From 1318 to 1319 the North of England suffered badly from frequent raids from the Scots. Following the Battle of Bannockburn in 1314, a renowned Scottish victory where Robert the Bruce triumphed over King Edward II, Wetherby was burned and pillaged and many of the town's population taken and slaughtered. Scott Lane may be named after the Scottish raiders in 1318 or alternatively, the eighteenth century drovers who used Wetherby as a stopping place.
In 1644 during English Civil War between Parliament and the ill fated King Charles I, the Parliamentarian army, prior to marching to Tadcaster and on to do battle with the Royalists at Marston Moor, were stationed two days in Wetherby, joining forces with the Scots. Oliver Cromwell probably spent the night after the battle of Marston Moor at the 'Half Moon Inn' at Collingham, 3 miles from the town.
Wetherby Town Hall (pictured above right) is situated in the centre of the market square and replaced the former Court House and Wetherby Prison.
The Shambles was built in 1811 by the Duke of Devonshire as ten butcher shops, which only opened on market day. In 1888 these were converted to a covered market where farmers bought their produce. The present facade was added early in the nineteenth century. Today the Shambles boasts specialist craft shops, quaint tearooms and restaurants.
The Huguenot Arch near Wetherby Library was originally a passageway between two houses at Westgate. Tradition relates that the houses were probably built by the descendants of Huguenot refugees from France. The inscription is in French and translates as 'Love your neighbour as yourself, said the Evangelist'. It was laid on the 19th January 1827.

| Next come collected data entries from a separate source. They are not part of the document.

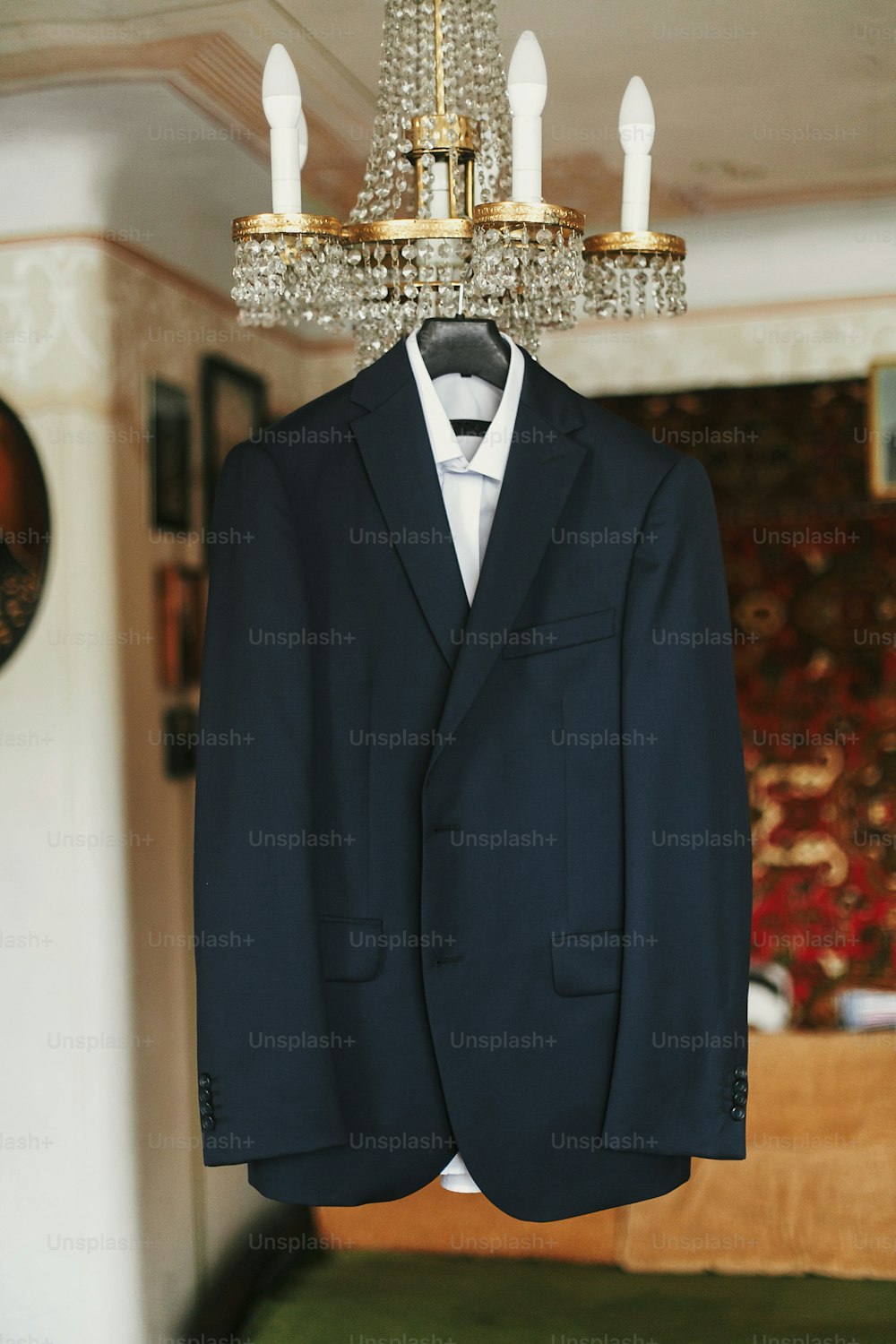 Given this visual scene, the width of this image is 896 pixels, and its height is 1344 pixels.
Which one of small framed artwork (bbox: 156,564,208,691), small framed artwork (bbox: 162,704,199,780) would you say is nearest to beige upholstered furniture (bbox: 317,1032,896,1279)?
small framed artwork (bbox: 162,704,199,780)

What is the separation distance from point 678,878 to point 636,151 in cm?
95

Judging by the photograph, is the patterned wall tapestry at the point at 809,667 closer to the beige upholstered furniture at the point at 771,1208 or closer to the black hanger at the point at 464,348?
the beige upholstered furniture at the point at 771,1208

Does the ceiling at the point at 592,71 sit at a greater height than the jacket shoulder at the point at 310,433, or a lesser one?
greater

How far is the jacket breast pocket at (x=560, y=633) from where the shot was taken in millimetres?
1504

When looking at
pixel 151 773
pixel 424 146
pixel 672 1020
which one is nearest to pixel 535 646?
pixel 672 1020

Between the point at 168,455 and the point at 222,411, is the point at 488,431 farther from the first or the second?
the point at 222,411

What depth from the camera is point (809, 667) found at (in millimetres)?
3746

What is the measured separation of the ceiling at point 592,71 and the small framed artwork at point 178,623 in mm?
936

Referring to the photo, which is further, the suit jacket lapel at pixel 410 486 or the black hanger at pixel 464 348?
the black hanger at pixel 464 348

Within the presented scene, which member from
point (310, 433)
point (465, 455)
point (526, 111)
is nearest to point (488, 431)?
point (465, 455)

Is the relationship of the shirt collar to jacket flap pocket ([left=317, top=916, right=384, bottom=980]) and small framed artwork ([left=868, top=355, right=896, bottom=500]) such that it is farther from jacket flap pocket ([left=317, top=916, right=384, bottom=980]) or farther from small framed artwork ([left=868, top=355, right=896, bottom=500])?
small framed artwork ([left=868, top=355, right=896, bottom=500])

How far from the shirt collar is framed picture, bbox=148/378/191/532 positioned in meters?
1.53

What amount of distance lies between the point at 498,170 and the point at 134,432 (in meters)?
1.37

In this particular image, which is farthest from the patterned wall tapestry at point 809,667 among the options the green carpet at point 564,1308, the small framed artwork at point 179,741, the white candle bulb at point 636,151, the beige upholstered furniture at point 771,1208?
the white candle bulb at point 636,151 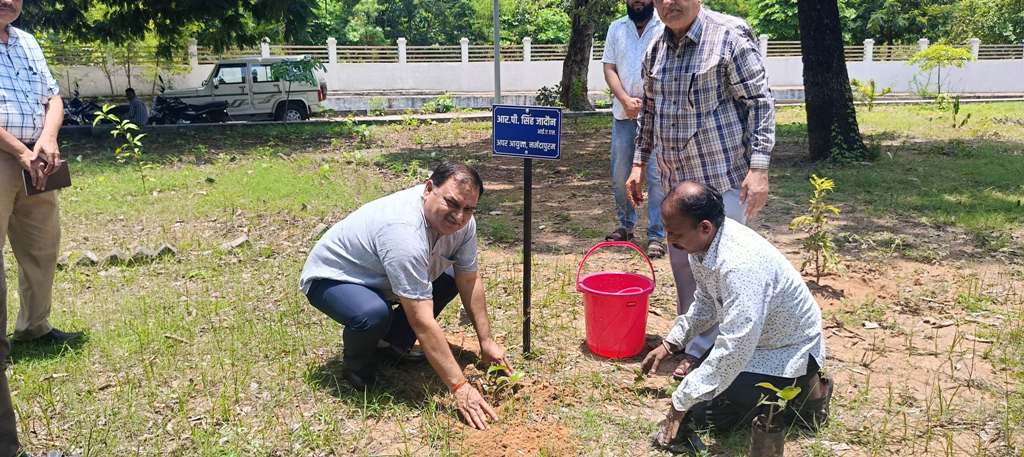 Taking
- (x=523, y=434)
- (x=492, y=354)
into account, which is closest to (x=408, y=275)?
(x=492, y=354)

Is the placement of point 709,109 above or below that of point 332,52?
below

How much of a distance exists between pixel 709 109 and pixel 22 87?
10.4ft

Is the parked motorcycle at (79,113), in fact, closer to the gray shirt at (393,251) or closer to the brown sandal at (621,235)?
the brown sandal at (621,235)

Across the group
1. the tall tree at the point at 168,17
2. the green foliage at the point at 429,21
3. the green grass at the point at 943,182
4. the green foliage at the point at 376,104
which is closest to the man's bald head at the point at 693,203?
the green grass at the point at 943,182

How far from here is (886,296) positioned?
4.47m

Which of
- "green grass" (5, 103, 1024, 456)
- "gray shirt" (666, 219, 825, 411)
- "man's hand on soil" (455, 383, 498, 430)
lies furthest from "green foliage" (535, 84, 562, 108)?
"gray shirt" (666, 219, 825, 411)

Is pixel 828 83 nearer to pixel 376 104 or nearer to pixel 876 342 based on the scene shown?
pixel 876 342

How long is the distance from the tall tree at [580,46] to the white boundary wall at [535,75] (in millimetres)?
11185

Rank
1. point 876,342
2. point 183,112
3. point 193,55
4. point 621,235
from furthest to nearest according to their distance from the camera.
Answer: point 193,55
point 183,112
point 621,235
point 876,342

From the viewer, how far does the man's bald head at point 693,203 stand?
264 cm

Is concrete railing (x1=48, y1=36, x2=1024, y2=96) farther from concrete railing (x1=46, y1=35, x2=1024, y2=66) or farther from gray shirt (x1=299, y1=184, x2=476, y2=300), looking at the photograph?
gray shirt (x1=299, y1=184, x2=476, y2=300)

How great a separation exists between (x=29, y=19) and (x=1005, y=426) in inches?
641

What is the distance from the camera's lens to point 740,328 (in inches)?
102

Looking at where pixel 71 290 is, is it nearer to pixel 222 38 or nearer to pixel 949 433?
Answer: pixel 949 433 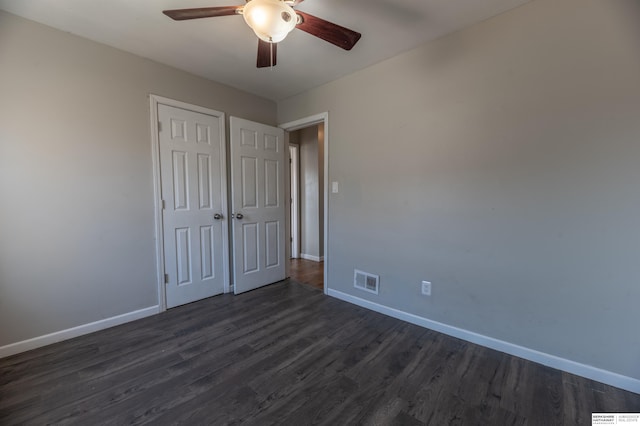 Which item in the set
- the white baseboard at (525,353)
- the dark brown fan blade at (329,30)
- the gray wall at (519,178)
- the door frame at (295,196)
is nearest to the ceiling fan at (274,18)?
the dark brown fan blade at (329,30)

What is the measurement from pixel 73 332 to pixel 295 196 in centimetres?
332

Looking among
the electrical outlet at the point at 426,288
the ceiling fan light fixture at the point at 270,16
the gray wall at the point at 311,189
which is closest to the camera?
the ceiling fan light fixture at the point at 270,16

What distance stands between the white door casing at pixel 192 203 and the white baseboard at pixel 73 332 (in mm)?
244

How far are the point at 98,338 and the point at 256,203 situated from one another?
6.33ft

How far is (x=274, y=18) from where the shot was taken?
131 cm

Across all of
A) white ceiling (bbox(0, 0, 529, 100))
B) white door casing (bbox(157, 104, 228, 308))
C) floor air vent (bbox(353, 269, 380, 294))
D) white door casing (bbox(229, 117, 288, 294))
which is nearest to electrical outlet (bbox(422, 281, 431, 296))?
floor air vent (bbox(353, 269, 380, 294))

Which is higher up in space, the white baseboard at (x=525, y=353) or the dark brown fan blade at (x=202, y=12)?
the dark brown fan blade at (x=202, y=12)

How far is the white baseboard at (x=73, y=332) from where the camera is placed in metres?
1.92

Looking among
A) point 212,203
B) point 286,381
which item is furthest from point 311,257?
point 286,381

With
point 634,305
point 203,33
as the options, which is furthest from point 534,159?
point 203,33

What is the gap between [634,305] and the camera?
1.55m

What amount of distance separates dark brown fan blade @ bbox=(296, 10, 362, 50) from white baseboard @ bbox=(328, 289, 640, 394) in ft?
7.54

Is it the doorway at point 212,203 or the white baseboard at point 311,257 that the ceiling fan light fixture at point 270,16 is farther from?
the white baseboard at point 311,257

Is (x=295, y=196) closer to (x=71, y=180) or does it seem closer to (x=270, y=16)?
(x=71, y=180) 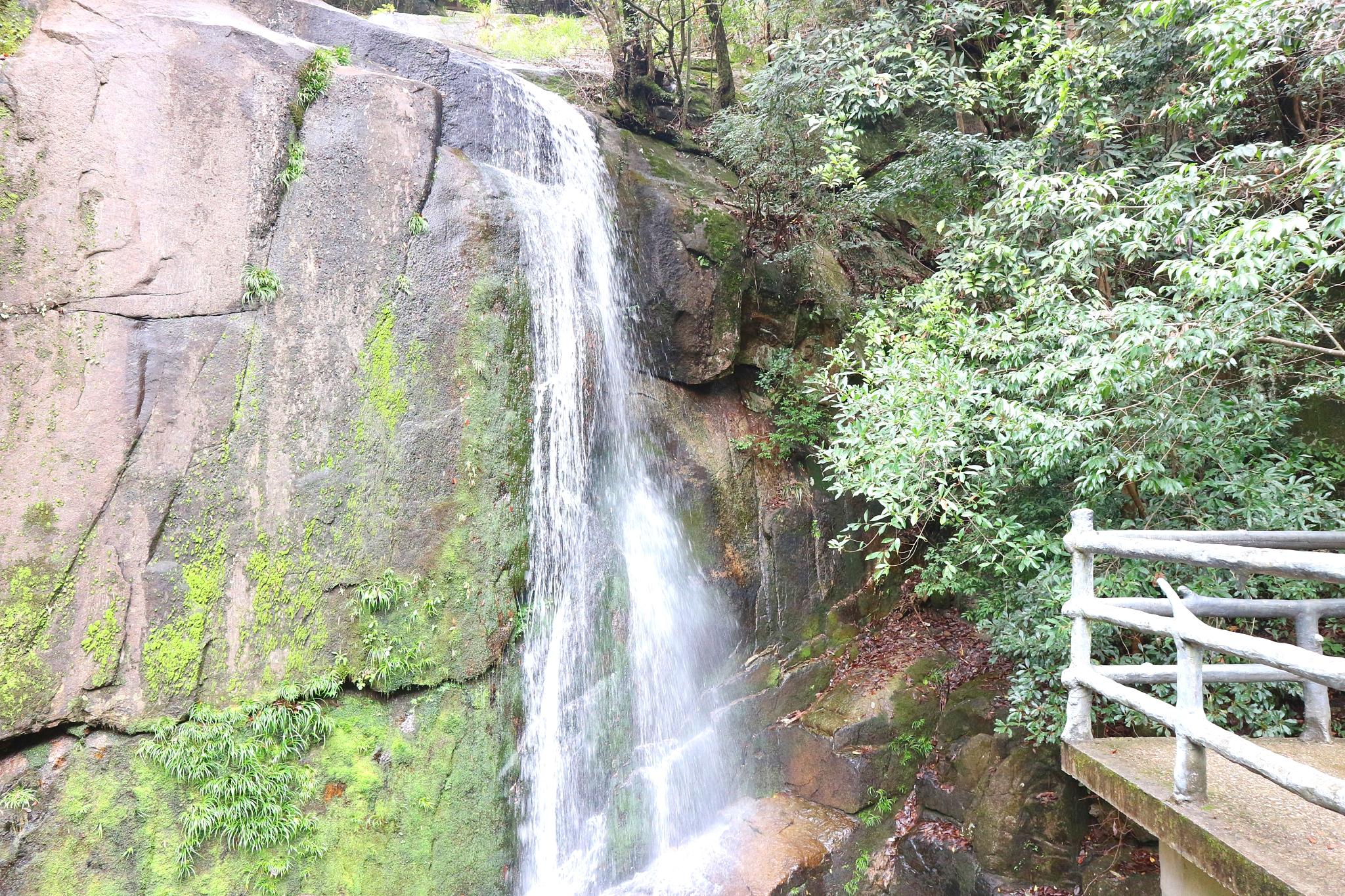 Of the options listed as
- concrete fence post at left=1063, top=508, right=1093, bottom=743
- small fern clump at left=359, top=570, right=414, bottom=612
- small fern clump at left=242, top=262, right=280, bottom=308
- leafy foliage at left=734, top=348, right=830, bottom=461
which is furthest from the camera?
leafy foliage at left=734, top=348, right=830, bottom=461

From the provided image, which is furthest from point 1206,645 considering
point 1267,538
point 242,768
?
point 242,768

The town offers good riverside walks and picnic areas and a free car park by the riverside Bandstand. The town centre is full of interesting small shops selling a wide variety of goods There are also many tea/coffee shops and restaurants. The narrow town centre streets are lined with a good selection of independent boutique shops.
A Historical Trail leads through the town centre and provides an interesting insight into Wetherby's past. Leaflets on the Trail are available in shops and the Library. Wetherby Racecourse holds popular steeplechases as well as exhibitions and arts, crafts and antique fairs.
The 'Wetherby in Bloom' committee was set up in 1989, the town won the Entente Florale gold award in 1999 and an International Communities in Bloom award in 2005. It achieved success in the RHS Britain in Bloom competition in 1998, 2002 and 2010, along with numerous regional gold awards over the last 15 years. The annual Wetherby Festival promotes the arts by providing a platform for local groups to perform and to bring in other performers and art forms.
Nearby Stockeld Park lies just 3 miles to the North West of the town and is located on the A661 between Harrogate and Leeds. The Palladian villa was designed for William Middleton, a prominent local Catholic gentleman, by architect James Paine. The Palladian villa was designed for William Middleton, a prominent local Catholic gentleman, by architect James Paine. The building was completed in 1763.